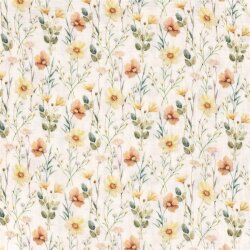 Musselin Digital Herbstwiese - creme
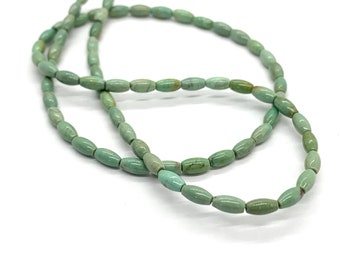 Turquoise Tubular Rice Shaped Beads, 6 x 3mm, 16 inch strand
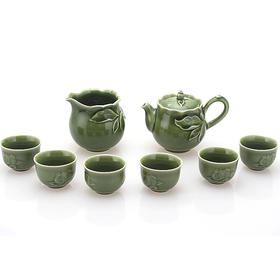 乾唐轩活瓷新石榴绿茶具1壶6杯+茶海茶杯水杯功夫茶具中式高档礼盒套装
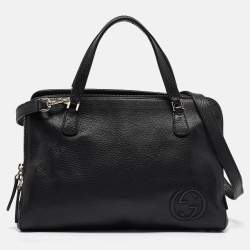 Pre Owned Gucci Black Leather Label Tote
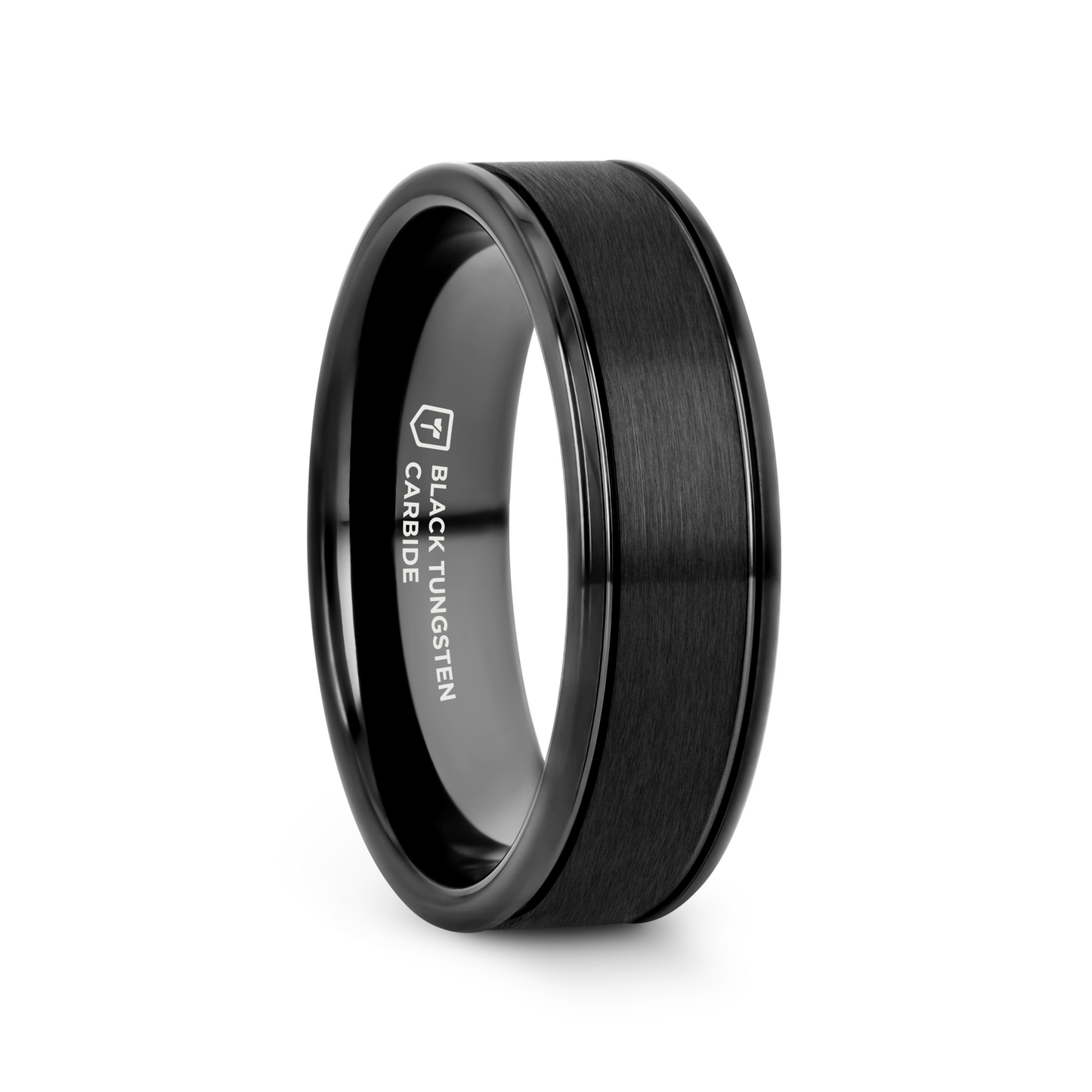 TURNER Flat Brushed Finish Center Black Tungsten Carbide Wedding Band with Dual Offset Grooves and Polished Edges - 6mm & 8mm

──────

• _WHAT THE EXERCISE ASKS_
Retype exactly the lines from the one containing "Turquoise Tubular Rice" through the last line of the records above, both included, and leave out any pictures.

• _RESULT OF THE EXERCISE_
 Turquoise Tubular Rice Shaped Beads, 6 x 3mm, 16 inch strand
 乾唐轩活瓷新石榴绿茶具1壶6杯+茶海茶杯水杯功夫茶具中式高档礼盒套装
 Pre Owned Gucci Black Leather Label Tote
 TURNER Flat Brushed Finish Center Black Tungsten Carbide Wedding Band with Dual Offset Grooves and Polished Edges - 6mm & 8mm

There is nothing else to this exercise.